WORKING DATA >>

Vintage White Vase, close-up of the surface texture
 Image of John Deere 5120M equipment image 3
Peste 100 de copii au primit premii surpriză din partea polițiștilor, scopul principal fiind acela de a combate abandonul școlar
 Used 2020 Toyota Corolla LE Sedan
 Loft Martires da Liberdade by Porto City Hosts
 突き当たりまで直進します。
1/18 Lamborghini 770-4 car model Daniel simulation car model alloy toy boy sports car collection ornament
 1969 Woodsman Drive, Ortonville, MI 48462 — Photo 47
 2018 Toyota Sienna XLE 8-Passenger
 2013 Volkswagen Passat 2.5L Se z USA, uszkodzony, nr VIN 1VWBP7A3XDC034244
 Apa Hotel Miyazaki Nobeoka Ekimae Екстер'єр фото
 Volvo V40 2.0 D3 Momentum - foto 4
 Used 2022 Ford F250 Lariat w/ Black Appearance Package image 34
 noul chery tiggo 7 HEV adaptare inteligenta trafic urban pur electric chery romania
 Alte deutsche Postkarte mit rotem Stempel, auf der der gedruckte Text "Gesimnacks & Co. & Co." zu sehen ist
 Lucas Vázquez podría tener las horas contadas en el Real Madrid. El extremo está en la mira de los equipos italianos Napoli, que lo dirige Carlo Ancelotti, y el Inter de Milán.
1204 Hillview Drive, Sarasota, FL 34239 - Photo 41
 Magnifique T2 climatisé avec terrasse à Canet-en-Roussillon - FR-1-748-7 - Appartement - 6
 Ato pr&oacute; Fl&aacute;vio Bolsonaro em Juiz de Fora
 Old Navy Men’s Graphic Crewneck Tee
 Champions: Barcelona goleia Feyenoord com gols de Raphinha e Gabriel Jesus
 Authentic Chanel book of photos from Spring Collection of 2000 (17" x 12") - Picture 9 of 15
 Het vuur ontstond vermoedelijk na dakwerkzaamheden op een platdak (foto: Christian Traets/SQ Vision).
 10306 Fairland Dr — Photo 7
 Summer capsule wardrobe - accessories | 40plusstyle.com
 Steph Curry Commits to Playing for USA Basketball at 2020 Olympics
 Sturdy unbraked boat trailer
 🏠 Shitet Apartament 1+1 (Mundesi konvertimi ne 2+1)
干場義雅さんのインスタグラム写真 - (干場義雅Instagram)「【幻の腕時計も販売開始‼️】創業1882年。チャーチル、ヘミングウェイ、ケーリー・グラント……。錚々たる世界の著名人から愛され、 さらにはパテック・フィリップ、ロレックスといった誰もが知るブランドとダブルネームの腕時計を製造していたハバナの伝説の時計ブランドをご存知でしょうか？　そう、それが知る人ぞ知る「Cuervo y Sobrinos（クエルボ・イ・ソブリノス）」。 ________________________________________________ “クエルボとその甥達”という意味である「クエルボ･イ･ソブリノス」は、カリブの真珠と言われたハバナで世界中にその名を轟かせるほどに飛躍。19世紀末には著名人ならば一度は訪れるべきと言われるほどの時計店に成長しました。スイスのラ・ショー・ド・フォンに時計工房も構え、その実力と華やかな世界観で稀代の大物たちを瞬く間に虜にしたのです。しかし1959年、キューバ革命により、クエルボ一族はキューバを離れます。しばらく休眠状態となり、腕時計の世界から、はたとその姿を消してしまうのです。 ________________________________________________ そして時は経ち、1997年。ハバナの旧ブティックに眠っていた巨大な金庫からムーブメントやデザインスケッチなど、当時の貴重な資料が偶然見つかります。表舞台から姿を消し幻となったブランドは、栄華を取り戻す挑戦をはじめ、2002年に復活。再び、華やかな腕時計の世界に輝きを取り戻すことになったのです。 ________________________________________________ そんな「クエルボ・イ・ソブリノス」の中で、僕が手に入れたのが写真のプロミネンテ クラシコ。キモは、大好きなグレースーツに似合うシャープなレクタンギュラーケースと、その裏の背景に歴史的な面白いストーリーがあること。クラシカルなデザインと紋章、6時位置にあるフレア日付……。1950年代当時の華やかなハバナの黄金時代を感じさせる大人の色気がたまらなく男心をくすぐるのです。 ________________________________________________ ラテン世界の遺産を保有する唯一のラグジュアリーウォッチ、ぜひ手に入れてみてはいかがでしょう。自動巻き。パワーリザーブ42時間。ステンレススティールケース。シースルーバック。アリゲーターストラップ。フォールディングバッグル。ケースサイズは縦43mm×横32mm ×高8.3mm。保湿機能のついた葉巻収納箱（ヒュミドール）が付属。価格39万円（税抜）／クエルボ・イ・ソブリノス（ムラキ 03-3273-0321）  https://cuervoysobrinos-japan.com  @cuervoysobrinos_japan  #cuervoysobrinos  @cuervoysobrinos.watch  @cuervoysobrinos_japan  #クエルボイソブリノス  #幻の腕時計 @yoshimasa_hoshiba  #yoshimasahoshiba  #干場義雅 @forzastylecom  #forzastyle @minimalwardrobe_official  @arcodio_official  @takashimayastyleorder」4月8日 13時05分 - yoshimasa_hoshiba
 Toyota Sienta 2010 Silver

WHAT THE TASK REQUIRES >>
Copy, please, exactly the lines that start at the first line of the data and end at the line containing "Old Navy Men’s Graphic Crewneck Tee", both kept and no others.

WRITTEN REPLY >>
Vintage White Vase, close-up of the surface texture
 Image of John Deere 5120M equipment image 3
Peste 100 de copii au primit premii surpriză din partea polițiștilor, scopul principal fiind acela de a combate abandonul școlar
 Used 2020 Toyota Corolla LE Sedan
 Loft Martires da Liberdade by Porto City Hosts
 突き当たりまで直進します。
1/18 Lamborghini 770-4 car model Daniel simulation car model alloy toy boy sports car collection ornament
 1969 Woodsman Drive, Ortonville, MI 48462 — Photo 47
 2018 Toyota Sienna XLE 8-Passenger
 2013 Volkswagen Passat 2.5L Se z USA, uszkodzony, nr VIN 1VWBP7A3XDC034244
 Apa Hotel Miyazaki Nobeoka Ekimae Екстер'єр фото
 Volvo V40 2.0 D3 Momentum - foto 4
 Used 2022 Ford F250 Lariat w/ Black Appearance Package image 34
 noul chery tiggo 7 HEV adaptare inteligenta trafic urban pur electric chery romania
 Alte deutsche Postkarte mit rotem Stempel, auf der der gedruckte Text "Gesimnacks & Co. & Co." zu sehen ist
 Lucas Vázquez podría tener las horas contadas en el Real Madrid. El extremo está en la mira de los equipos italianos Napoli, que lo dirige Carlo Ancelotti, y el Inter de Milán.
1204 Hillview Drive, Sarasota, FL 34239 - Photo 41
 Magnifique T2 climatisé avec terrasse à Canet-en-Roussillon - FR-1-748-7 - Appartement - 6
 Ato pr&oacute; Fl&aacute;vio Bolsonaro em Juiz de Fora
 Old Navy Men’s Graphic Crewneck Tee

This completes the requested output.